USING PHIPAC TO SPEED ERROR BACK-PROPAGATION LEARNING

Jeff B interleaved, Krste Asanovic interleaved, Chee-whye Chin interleaved, and Jim Demmel
{b interleaved,k interleaved,c interleaved,w interleaved,y interleaved,e interleaved,m interleaved} @ cs. berkeley. edu

*Department of Electrical Engineering and Computer Sciences
University of California at Berkeley
Berkeley, CA 94704, USA
†International Computer Science Institute
1947 Center Street, Suite 600
Berkeley, CA 94704, USA

ABSTRACT
We introduce PHIPAC, a coding methodology for developing portable high-performance numerical libraries in ANSI C. Using this methodology, we have developed code for optimized matrix multiply routines. These routines can achieve over 90% of peak performance on a variety of current workstations, and are often faster than vendor-supplied optimized libraries. We then describe the bunch-mode back-propagation algorithm and how it can use the PHIPAC derived matrix multiply routines. Using a set of plots, we investigate the tradeoffs between bunch size, convergence rate, and training speed using a standard speech recognition data set and show how use of the PHIPAC routines can lead to a significantly faster back-propagation learning algorithm.

1. INTRODUCTION
Signal processing algorithms such as neural network learning, convolution, cross-correlation, IIR filtering, etc., are often computationally time-consuming. These algorithms, often used in time-critical applications, should therefore be coded as efficiently as possible.

One way to achieve high efficiency is to code in assembly language, but it is then difficult to make a full exploration of a routine's design space, and the resulting code might be unusable or sub-optimal on different platforms.
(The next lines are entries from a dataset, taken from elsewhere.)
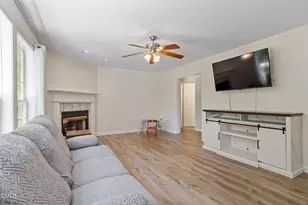 254 Sequoia Dr, Louisburg, NC 27549 - Photo 6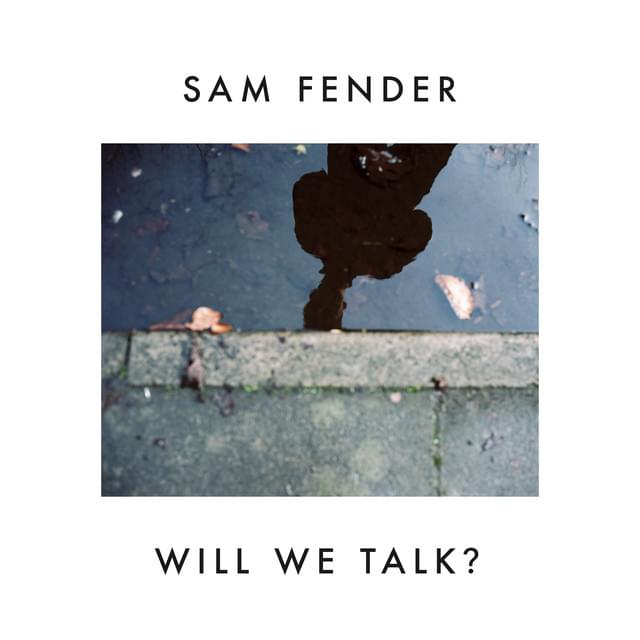 Album cover art for "Will We Talk?" by NOW That’s What I Call Music!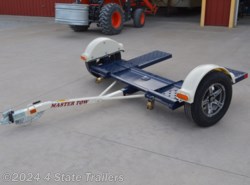 2024 Master Tow Tow Dollies TOW DOLLY ALUMINUM WHEELS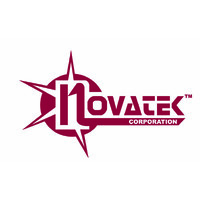 Novatek Corporation logo - Similar company to Aflas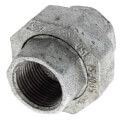 Product Image of 3/4" Galvanized Malleable Union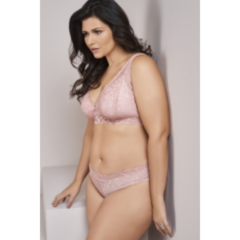 Sutiã Plus Size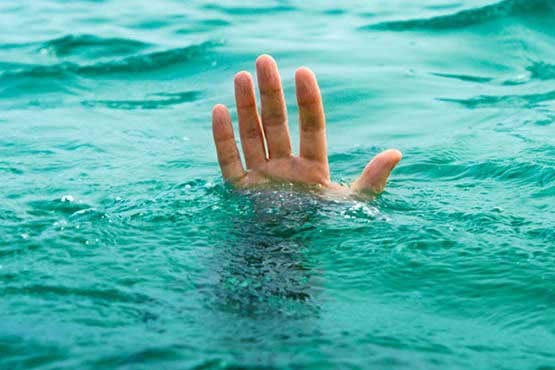 غرق شدن زن جوان در استخر شنا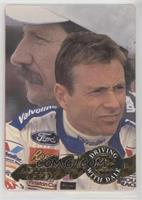 Driving with Dale - Mark Martin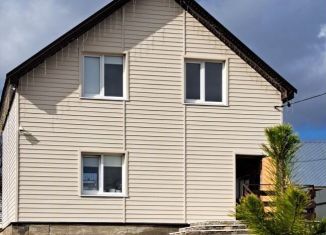 Аренда дома, 75 м2, деревня Геологоразведка, улица Тагира Кусимова, 28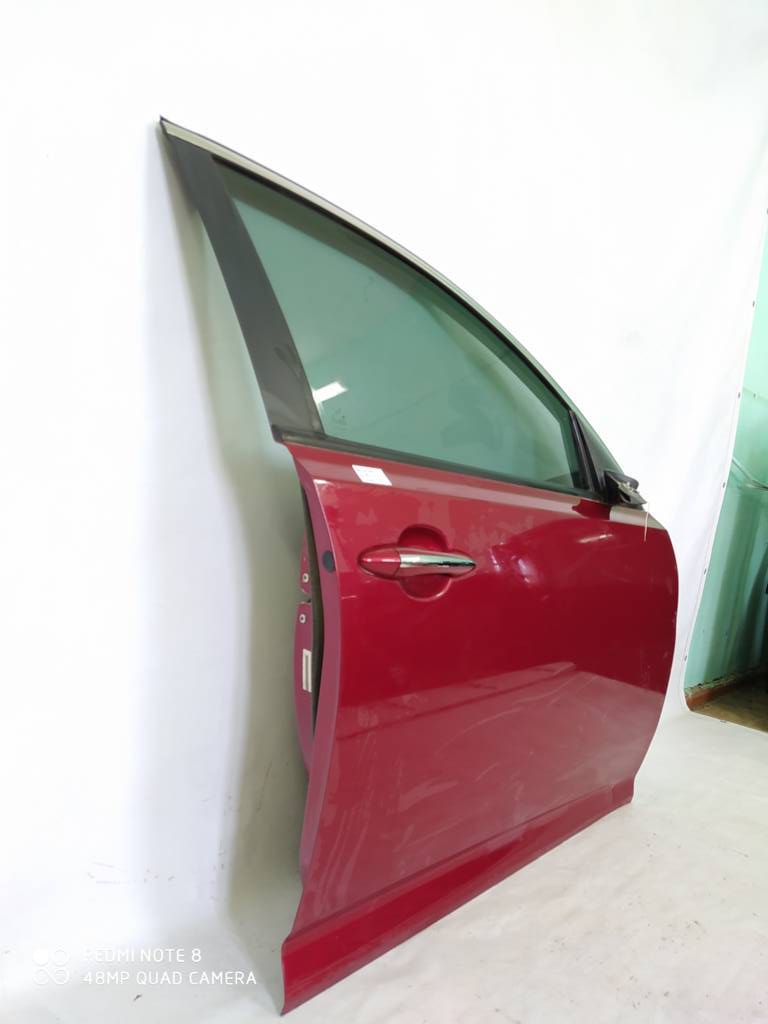 Optima Дверь передняя правая Kia Optima 2011-2016 760042T000 Kia Optima 9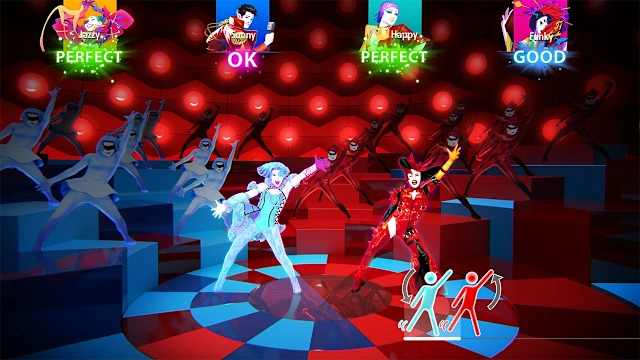 Just Dance 2026 Edition - Ultimate Edition screenshot 4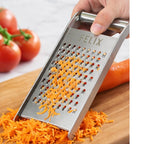 Stainless Steel Chipso Grater | Thin Blade
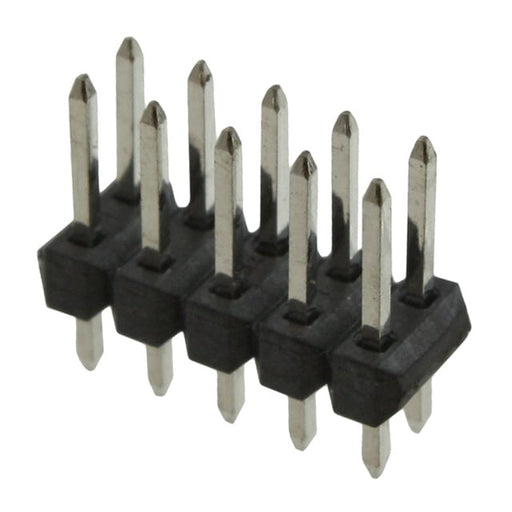 0879141016 by Molex - CONNECTOR HEADER VERT 10POS 2.54MM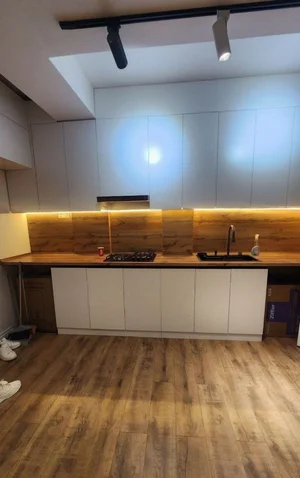 Фото 2 2-комн. квартира в Adinochka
Alternatively, the algorithms could be written in a high-level language and fed to an optimizing compiler. While there is a large literature on relevant compiler techniques [14, 10, 11, 1, 6, 12] that can be used to generate reasonably good code in general, they tend not to generate near-peak code for any one operation. Moreover, it takes significant time and investment before compiler research appears in production compilers, so these capabilities are often unavailable. Furthermore, a high-level language's semantics combined with a casual coding style might obstruct aggressive compiler optimizations even if they are available.

We have developed a methodology, named PHIPAC, for developing Portable High-Performance numerical libraries in ANSI C. Our goal is to produce, with minimal effort, high-performance numerical libraries for a wide range of systems. Using this methodology, we have produced a portable, BLAS-compatible [7], matrix multiply generator. The resulting code can achieve over 90% of peak performance on a variety of current workstations, and is often faster than the vendor-supplied optimized libraries. We have used the resulting code to produce an optimized back-propagation learning program that is much more efficient than many existing programs.
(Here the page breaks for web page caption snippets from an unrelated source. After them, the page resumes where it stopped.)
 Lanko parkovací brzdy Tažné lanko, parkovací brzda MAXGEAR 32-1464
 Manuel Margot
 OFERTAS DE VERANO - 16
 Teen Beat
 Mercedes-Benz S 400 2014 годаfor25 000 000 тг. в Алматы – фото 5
In Section 2, we briefly describe the PHIPAC methodology used to generate the matrix multiply code. In Section 3, we use the resulting matrix multiply code to implement a bunch-mode back-propagation training program that uses multiple rather than one training pattern for each weight update. We investigate the tradeoffs between bunch size, convergence rate, and training speed using a standard speech recognition data set. Finally, in Section 4, we conclude and describe future work.

2. PHIPAC
The PHIPAC methodology for producing high performance code consists of three primary components.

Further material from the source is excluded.